Amodei’s blog post on Thursday was blunt. Anthropic understands that the military, not private companies, makes military decisions, he wrote.
The company had never raised objections to particular operations or tried to limit its technology on an ad hoc basis. But mass surveillance and fully autonomous weapons “have never been included in our contracts with the Department of War, and we believe they should not be included now.”
“Threats do not change our position: we cannot in good conscience accede to their request,” he added.
The Pentagon’s chief technology officer Emil Michael responded on X by calling Amodei a “liar” with a “God complex” who was “ok putting our nation’s safety at risk.”
What’s actually in dispute
The Pentagon’s public position is straightforward: it says it has no intention of using Claude for mass surveillance or autonomous weapons, and that those restrictions were never triggered in practice. Senior defence analysts have confirmed that, by all accounts, the military’s use of Claude has never come close to hitting the limits Anthropic set.
So why does it matter? Because the Pentagon does not want to be in a position where it needs a private company’s permission before acting. Legality, a Pentagon official told CNN this week, is the military’s responsibility, not Anthropic’s.
Anthropic’s view is the opposite. The company argues that some uses of AI are simply unsafe regardless of legality, and that a private company building a powerful technology has both the right and the responsibility to set those limits in its terms.
That is the real disagreement. Not what the Pentagon intends to do, but who gets to decide what the technology can be used for in the first place.
Why this matters beyond the $200 million
Losing the contract would not threaten Anthropic’s survival. The company is valued at around $380 billion and has announced a $14 billion annual revenue run rate. The contract represents a fraction of that.
The supply chain risk designation is a different matter. It would mean any company working with the US military would have to prove they have no exposure to Anthropic products in their work with the Pentagon, which could effectively freeze Claude out of a large part of the enterprise market at the worst possible time.
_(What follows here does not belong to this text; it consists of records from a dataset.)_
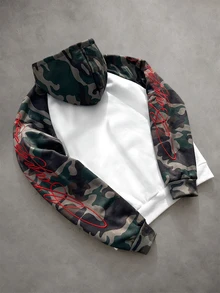 PAVTROS Men's Streetwear Bionic Camo Red 3D Embroidered Lettering Contrast Raglan Sleeve Sweatshirt Signature Design Boyfriend Husband Anniversary Gift Men's Sweatshirt - Multicolor - View 4
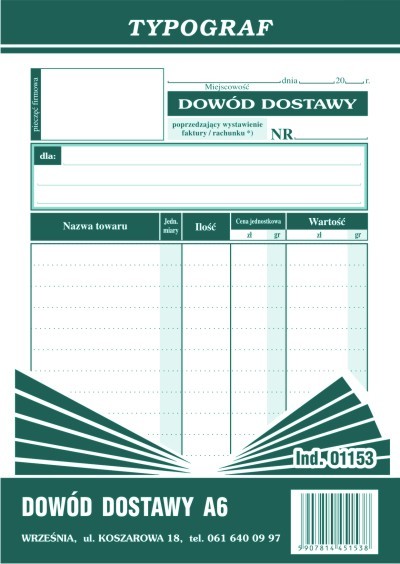 Druk dowód dostawy A6 pionowy Typograf | espryciarze.pl |Zgarnij ofertę!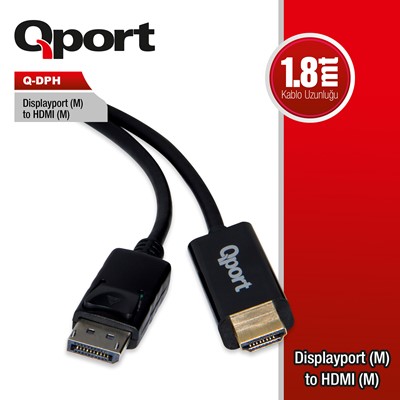 Qport (Q-Dph) Dısplay Port To Hdmı Cevırıcı 1.8M Kablo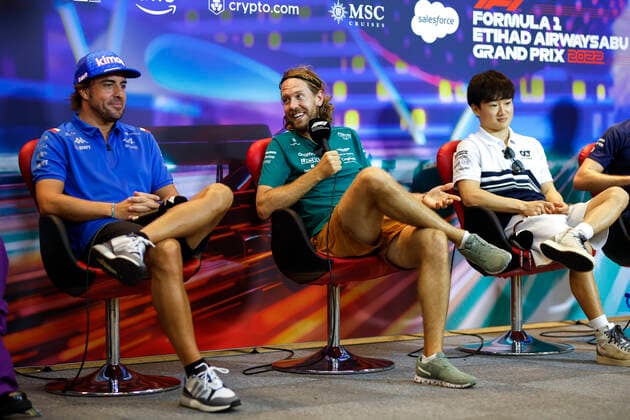 14 Fernando Alonso ESP, BWT Alpine F1 Team , 5 Sebastian Vettel DEU, Aston Martin Aramco Cognizant F1 Team , 22 Yuki Tsunoda JPN, Scuderia AlphaTauri , F1 Grand Prix of Abu Dhabi at Yas Marina Circuit on November 17, 2022 in Abu Dhabi, United Arab Emirates Photo by HOCH ZWEI Abu Dhabi United Arab Emirates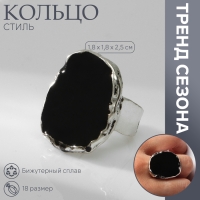 Кольцо &laquo;Стиль&raquo; массивный круг, цвет чёрный в чернёном серебре, 18 размер
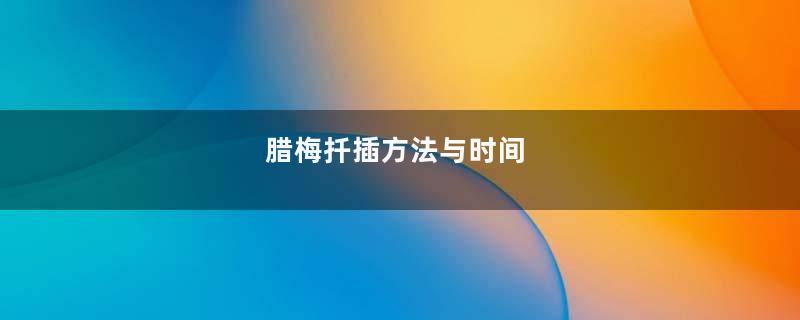 腊梅扦插方法与时间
Anthropic is reportedly planning an IPO.
There is also a broader signal at stake. Analysts have noted that the Pentagon’s approach sends a clear message to every other AI company in negotiations with the military: do not attempt to put restrictions on how the government uses your technology. Elon Musk’s xAI signed its classified network agreement without any restrictions. OpenAI removed its explicit ban on military use in early 2024. Google is in accelerated negotiations on similar terms.
Anthropic is, for now, holding its two specific lines. But it has already moved on everything else.
What happens next
As of this writing, the deadline has not passed. It is not clear whether the Pentagon will make a public announcement if Anthropic misses it, or how quickly Claude would be removed from military systems if the contract is cancelled. Contractors that rely on Anthropic products would likely be given some time to assess their exposure rather than being cut off immediately. The Defense Production Act threat remains on murky legal ground and would almost certainly face an immediate legal challenge if invoked.
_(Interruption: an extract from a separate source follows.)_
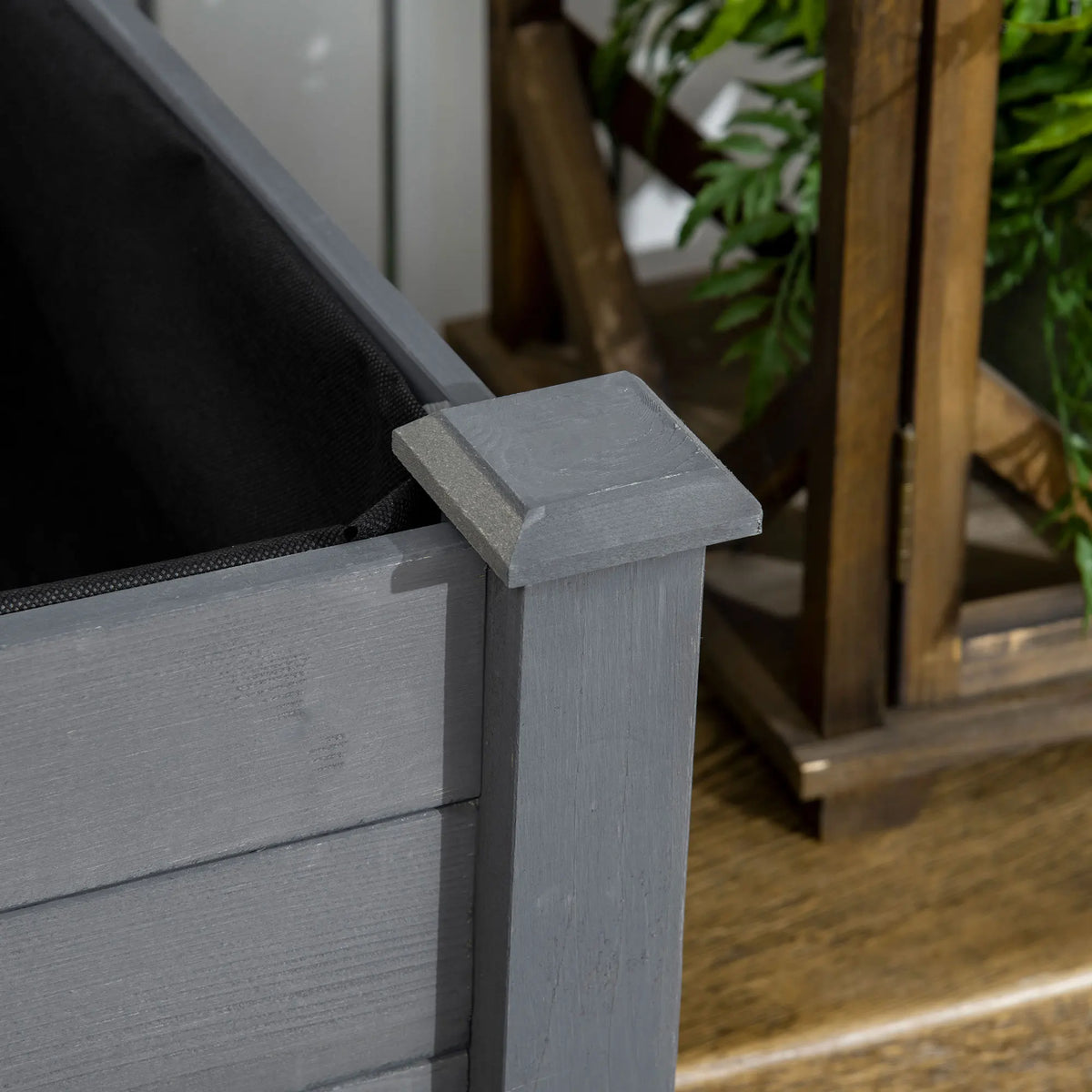 Raised Wooden Garden Planter with Legs and Fabric Liner, 122cm, Dark Grey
What is already clear is that the company that built its reputation on being the AI industry’s safety conscience is navigating a moment that tests exactly what that identity is worth. On the Pentagon’s two specific demands, Amodei is holding firm. On the broader commitments that defined Anthropic’s founding promise, the ground has already shifted.
Whether those two things are connected is a question the company would rather not answer.